Task statement
Look through the data below for the line with "أزمة تمويل: NHS" and the line with "Oceanmarsh Subdivision House", then transcribe exactly from the first through the second, leaving out all pictures.

Data supplied
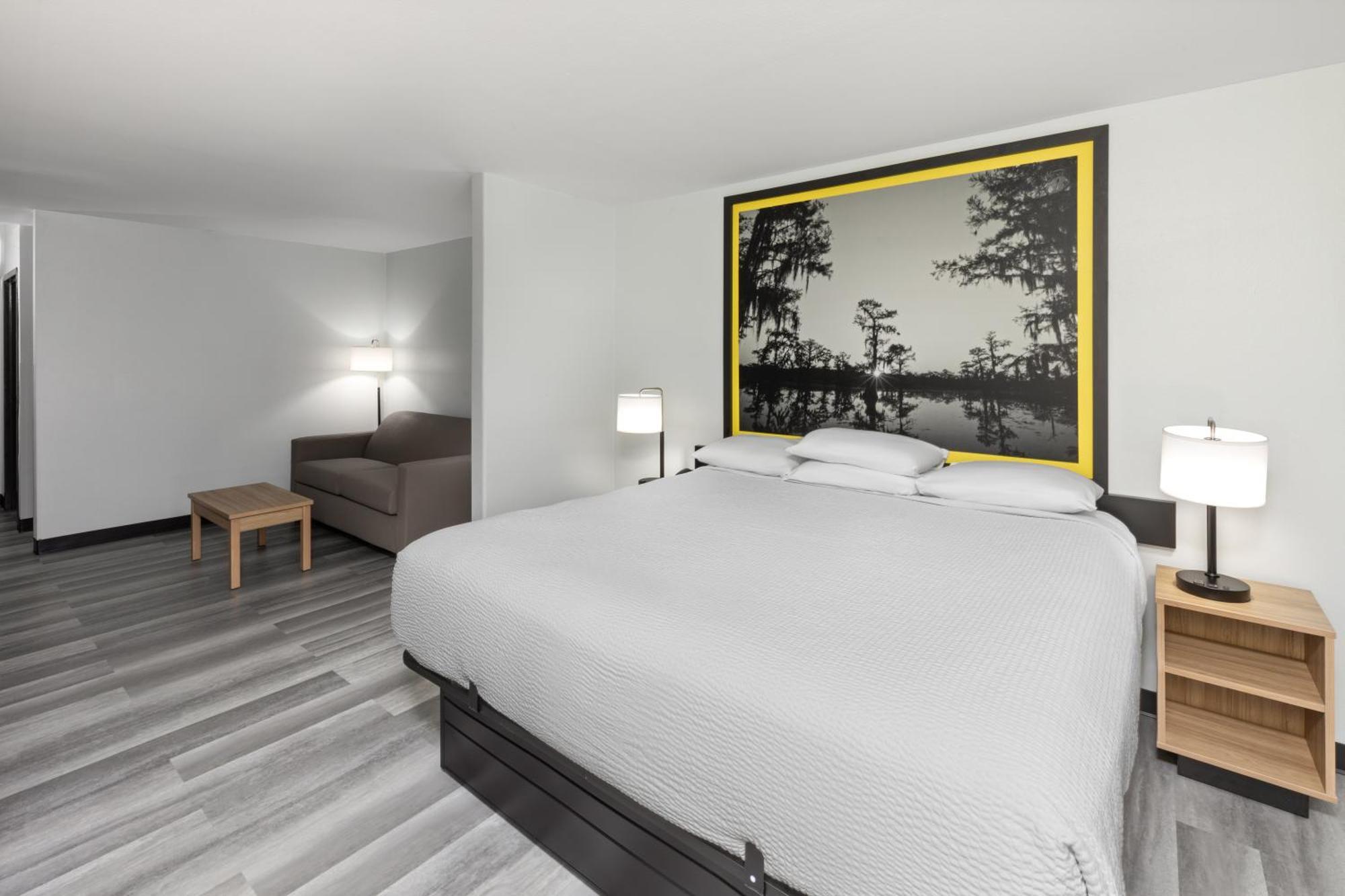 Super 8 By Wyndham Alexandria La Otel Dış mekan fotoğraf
---
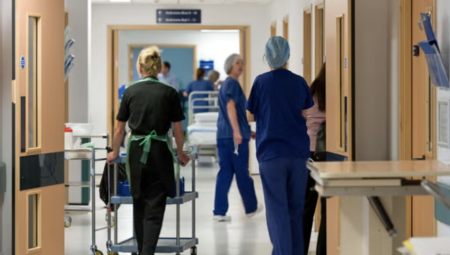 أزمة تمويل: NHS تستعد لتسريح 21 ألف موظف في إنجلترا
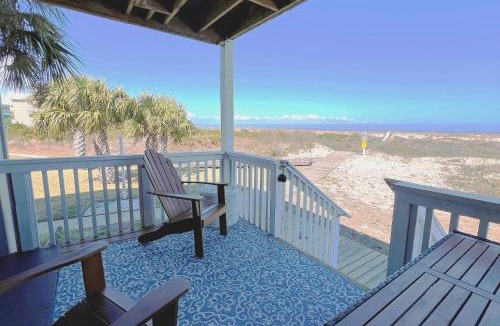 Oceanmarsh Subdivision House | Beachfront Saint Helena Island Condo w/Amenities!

Solution to this exercise
 أزمة تمويل: NHS تستعد لتسريح 21 ألف موظف في إنجلترا
 Oceanmarsh Subdivision House | Beachfront Saint Helena Island Condo w/Amenities!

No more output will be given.